国連総会で自由陣営の50カ国が声明に参加
韓国は新疆ウイグル自治区の人権討論には賛成
中国の圧力に「ぶれまくり」との批判も

 韓国外交部(省に相当)は1日、中国の新疆ウイグル族など少数民族の人権問題を非難する国連の声明に加わらなかったことを明らかにした。韓国外交部のイム・スソク報道官はこの日行われたブリーフィングで「今回の国連総会において、中国の新疆ウイグル自治区の人権問題に関する共同声明に(韓国は)諸般の事情を総合的に考慮し不参加を決めた」と明らかにした。韓国は先月の国連人権理事会(UNHRC)でウイグルの人権問題に関する討論会開催には賛成したが、今回は180度反対の決定を下した形だ。尹錫悦(ユン・ソンニョル)政権は自由や人権などの価値に基づく外交を掲げているが、中国の圧力でその方針がぶれているとの批判を受けている。
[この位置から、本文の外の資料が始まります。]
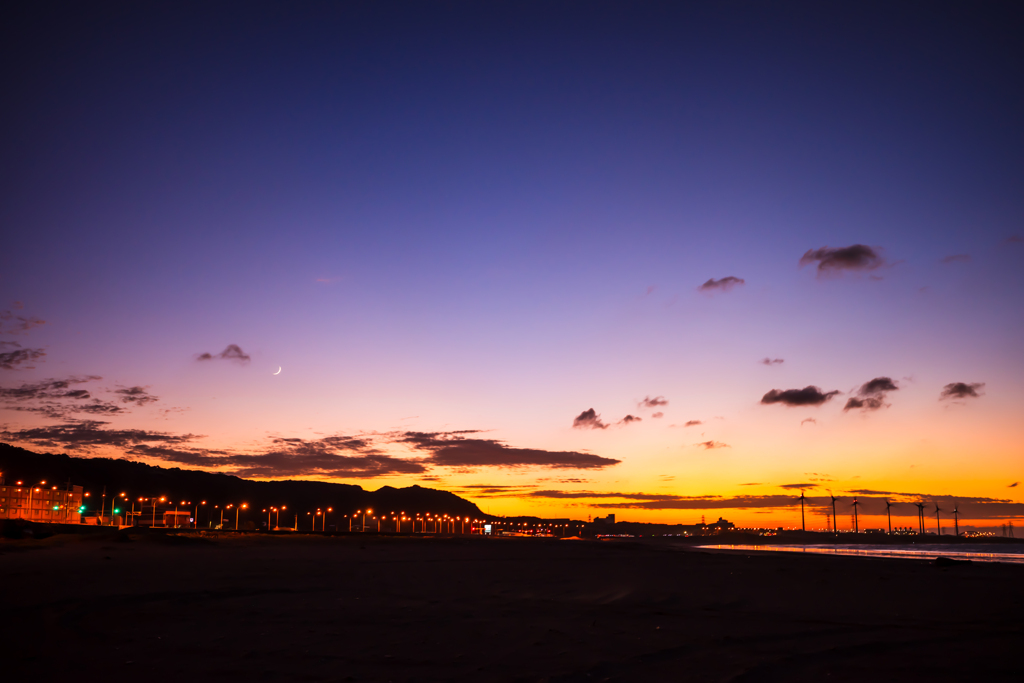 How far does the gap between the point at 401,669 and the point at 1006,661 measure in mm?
9903

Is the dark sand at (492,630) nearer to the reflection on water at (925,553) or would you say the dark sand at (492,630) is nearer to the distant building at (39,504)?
the reflection on water at (925,553)

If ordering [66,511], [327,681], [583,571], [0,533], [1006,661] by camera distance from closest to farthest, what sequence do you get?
[327,681], [1006,661], [583,571], [0,533], [66,511]

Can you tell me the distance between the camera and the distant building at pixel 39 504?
138000mm

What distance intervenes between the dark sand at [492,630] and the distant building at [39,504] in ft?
489

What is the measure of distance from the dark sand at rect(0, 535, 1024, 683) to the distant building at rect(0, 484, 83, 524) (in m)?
149

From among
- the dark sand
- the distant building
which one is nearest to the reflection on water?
the dark sand

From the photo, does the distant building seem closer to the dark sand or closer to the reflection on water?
the reflection on water

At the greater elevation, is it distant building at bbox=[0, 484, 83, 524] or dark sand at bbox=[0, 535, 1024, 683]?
dark sand at bbox=[0, 535, 1024, 683]

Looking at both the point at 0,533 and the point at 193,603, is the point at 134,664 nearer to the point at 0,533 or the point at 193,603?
the point at 193,603

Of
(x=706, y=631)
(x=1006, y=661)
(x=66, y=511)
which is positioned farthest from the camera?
(x=66, y=511)

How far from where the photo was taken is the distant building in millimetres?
138000

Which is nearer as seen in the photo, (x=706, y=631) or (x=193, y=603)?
(x=706, y=631)

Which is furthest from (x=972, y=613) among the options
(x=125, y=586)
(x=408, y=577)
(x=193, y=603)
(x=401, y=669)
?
(x=125, y=586)

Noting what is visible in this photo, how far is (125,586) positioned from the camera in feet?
62.3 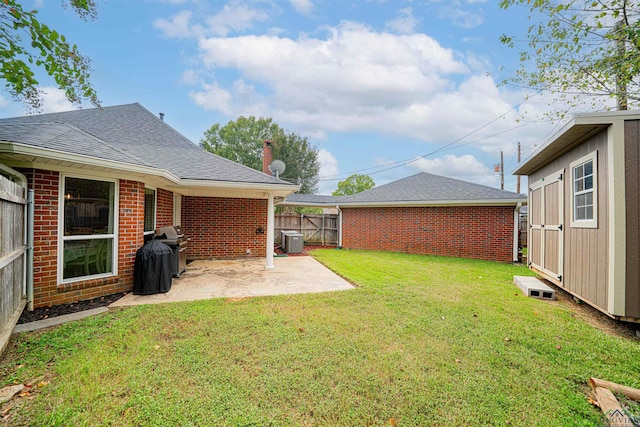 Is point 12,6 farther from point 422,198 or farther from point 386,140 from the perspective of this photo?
point 386,140

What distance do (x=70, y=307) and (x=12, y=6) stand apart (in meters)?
4.07

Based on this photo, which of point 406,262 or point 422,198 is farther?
point 422,198

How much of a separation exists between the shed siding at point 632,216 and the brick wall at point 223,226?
846cm

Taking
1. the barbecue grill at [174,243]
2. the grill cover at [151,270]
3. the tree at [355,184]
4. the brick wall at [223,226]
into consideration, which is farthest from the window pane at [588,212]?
the tree at [355,184]

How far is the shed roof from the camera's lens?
3.60 meters

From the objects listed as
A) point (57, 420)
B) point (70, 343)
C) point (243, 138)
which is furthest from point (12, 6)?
point (243, 138)

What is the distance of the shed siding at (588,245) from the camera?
12.4 ft

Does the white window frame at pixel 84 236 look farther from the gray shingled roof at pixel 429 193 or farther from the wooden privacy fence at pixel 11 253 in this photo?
the gray shingled roof at pixel 429 193

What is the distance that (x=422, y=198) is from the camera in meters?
11.3

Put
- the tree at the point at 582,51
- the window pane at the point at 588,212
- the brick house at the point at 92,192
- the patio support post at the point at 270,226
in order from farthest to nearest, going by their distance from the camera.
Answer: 1. the patio support post at the point at 270,226
2. the tree at the point at 582,51
3. the window pane at the point at 588,212
4. the brick house at the point at 92,192

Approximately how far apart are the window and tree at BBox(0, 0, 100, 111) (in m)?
1.37

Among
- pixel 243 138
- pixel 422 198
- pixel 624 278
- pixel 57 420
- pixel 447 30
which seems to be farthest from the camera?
pixel 243 138

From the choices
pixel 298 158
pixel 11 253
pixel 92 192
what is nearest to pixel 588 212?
pixel 11 253

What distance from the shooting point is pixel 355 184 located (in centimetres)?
3844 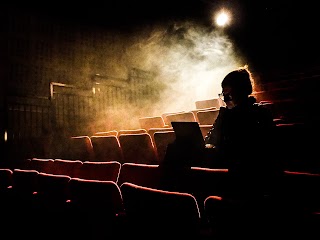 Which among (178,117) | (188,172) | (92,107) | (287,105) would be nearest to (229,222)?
(188,172)

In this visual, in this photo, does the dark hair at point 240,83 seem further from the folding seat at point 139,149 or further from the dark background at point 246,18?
the dark background at point 246,18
 人権問題などを主に取り扱う国連総会第3委員会は31日(現地時間)に声明を出し「われわれは中国の人権問題、とりわけ新疆ウイグル族やその他イスラム系少数民族に対する持続的な人権侵害に対し深刻な懸念を抱いている」「これらの深刻かつ組織的な人権侵害を正当化することはできない」と指摘した。この声明には米国をはじめ日本、英国、フランス、ドイツなど自由・民主主義陣営の50カ国が名を連ねた。これに対してロシア、北朝鮮、キューバなど66カ国は「内政不干渉」を理由に今回の声明を批判している。韓国は先月6日の国連人権理事会で中国の人権侵害疑惑に対する討論会開催の採決には賛成票を投じたが、実際に中国の人権問題を批判する国連の声明には参加を見合わせたのだ。これについて韓国外交部は「国益を考慮した決定」とした上で「中国の人権問題に対する国際社会の議論とその動向を注視している」とコメントするにとどめた。

 駐韓中国大使は先月、韓国政府が討論会開催の採決に賛成票を投じたことに対し「遺憾の意」を表明したが、これもあって外交関係者の間では「中国の圧力を考慮した決定」との見方が出ている。経済関連の部処(省庁)を中心に「中国からの報復」を懸念する声が上がったことも「新疆ウイグル自治区の人権問題に関する声明不参加」に影響を及ぼしたとの見方もある。中国が在韓米軍のTHAAD(高高度防衛ミサイル)問題のときのように経済で報復する恐れがあるというのだ。韓国外交部の関係者は「駐韓(中国)大使の発言を理由に政府が今回の決定を下したとの見方は適切ではない」と反論しているが、「尹錫悦政権も中国の顔色をうかがっているのでは」との指摘は今も相次いでいる。